Eternal Thanksgiving: Service and Suffering

By Dave Leonard, as a reflection on Thanksgiving

November 24, 2021

    During the Holy Sacrifice of the Altar, in union with every member of His Body, Christ the Head offers on Calvary, the only holy, acceptable, living, eternal Thanksgiving Sacrifice for our Salvation, and we the Faithful enter into Holy Communion with Jesus, Mary-and-Joseph.

    Hermeneutic of Continuity

    Toda” is the Hebrew word for Thanksgiving: before the Apostles began using the Greek word, “eucharist,” they knew the one Holy Sacrifice as the Toda Sacrifice.

    The Toda Sacrifice is a Jewish Sacrifice: it is the only Jewish Sacrifice still offered daily (Joseph Cardinal Ratzinger, now Pope Emeritus; Feast of Faith, Ignatius Press, 1986; page 58). Jesus of Nazareth, a Jewish man, daily offers this Jewish Toda Sacrifice on altars all over the world.

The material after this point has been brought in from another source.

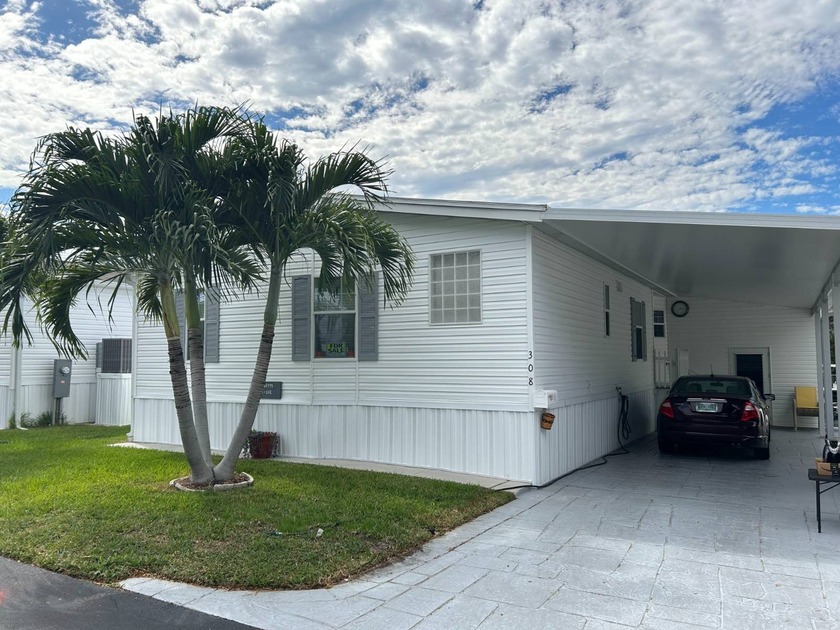 DIRECT ACCESS TO THE GULF OF AMERICA WITH PRIVATE BOAT SLIPS AND - Beach Home for sale in Naples, Florida on Beachhouse.com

    A Jewish husband and wife – the Mother and human father of Jesus – initiate this one Holy Sacrifice when they offer their divine Son to God the Father in the Temple in Jerusalem (Luke 2:22-40); and, together as one on Calvary, Jesus and His Jewish Mother – still united in hearts, minds, and wills with Joseph – complete and perfect the only acceptable Sacrifice.

    The Church is our Family: Jesus is our Brother, Mary is our Mother, and Joseph is our human Holy Father in Faith. In every Mass, we offer the one Holy Jewish Sacrifice with our Holy Jewish Family.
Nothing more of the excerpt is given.